§ Study material:

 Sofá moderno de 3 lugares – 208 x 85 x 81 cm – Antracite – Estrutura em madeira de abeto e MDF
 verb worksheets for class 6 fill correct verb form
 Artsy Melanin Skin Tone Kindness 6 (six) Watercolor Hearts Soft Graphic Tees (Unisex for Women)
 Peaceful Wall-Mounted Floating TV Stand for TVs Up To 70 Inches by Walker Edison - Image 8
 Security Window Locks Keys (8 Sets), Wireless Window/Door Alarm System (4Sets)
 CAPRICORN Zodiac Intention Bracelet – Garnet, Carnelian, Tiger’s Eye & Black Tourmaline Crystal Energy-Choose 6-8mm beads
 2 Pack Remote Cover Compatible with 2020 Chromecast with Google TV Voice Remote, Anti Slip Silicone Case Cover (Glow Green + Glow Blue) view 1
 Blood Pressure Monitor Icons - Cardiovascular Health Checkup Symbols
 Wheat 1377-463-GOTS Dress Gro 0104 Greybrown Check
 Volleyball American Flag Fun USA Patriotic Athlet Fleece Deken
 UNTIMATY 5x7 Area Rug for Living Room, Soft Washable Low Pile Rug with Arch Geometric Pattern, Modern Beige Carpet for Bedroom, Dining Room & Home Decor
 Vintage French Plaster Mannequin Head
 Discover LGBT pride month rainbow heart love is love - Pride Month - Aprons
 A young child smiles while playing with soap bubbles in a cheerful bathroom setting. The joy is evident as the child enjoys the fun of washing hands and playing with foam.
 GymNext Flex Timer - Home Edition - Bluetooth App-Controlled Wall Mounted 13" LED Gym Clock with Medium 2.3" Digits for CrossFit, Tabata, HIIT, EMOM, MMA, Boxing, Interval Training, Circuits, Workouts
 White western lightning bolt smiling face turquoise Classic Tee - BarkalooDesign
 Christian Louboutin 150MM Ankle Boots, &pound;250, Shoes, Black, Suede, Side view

§ Work item: For this exercise, output the entries above exactly as written.

§ Exercise solution:
 Sofá moderno de 3 lugares – 208 x 85 x 81 cm – Antracite – Estrutura em madeira de abeto e MDF
 verb worksheets for class 6 fill correct verb form
 Artsy Melanin Skin Tone Kindness 6 (six) Watercolor Hearts Soft Graphic Tees (Unisex for Women)
 Peaceful Wall-Mounted Floating TV Stand for TVs Up To 70 Inches by Walker Edison - Image 8
 Security Window Locks Keys (8 Sets), Wireless Window/Door Alarm System (4Sets)
 CAPRICORN Zodiac Intention Bracelet – Garnet, Carnelian, Tiger’s Eye & Black Tourmaline Crystal Energy-Choose 6-8mm beads
 2 Pack Remote Cover Compatible with 2020 Chromecast with Google TV Voice Remote, Anti Slip Silicone Case Cover (Glow Green + Glow Blue) view 1
 Blood Pressure Monitor Icons - Cardiovascular Health Checkup Symbols
 Wheat 1377-463-GOTS Dress Gro 0104 Greybrown Check
 Volleyball American Flag Fun USA Patriotic Athlet Fleece Deken
 UNTIMATY 5x7 Area Rug for Living Room, Soft Washable Low Pile Rug with Arch Geometric Pattern, Modern Beige Carpet for Bedroom, Dining Room & Home Decor
 Vintage French Plaster Mannequin Head
 Discover LGBT pride month rainbow heart love is love - Pride Month - Aprons
 A young child smiles while playing with soap bubbles in a cheerful bathroom setting. The joy is evident as the child enjoys the fun of washing hands and playing with foam.
 GymNext Flex Timer - Home Edition - Bluetooth App-Controlled Wall Mounted 13" LED Gym Clock with Medium 2.3" Digits for CrossFit, Tabata, HIIT, EMOM, MMA, Boxing, Interval Training, Circuits, Workouts
 White western lightning bolt smiling face turquoise Classic Tee - BarkalooDesign
 Christian Louboutin 150MM Ankle Boots, &pound;250, Shoes, Black, Suede, Side view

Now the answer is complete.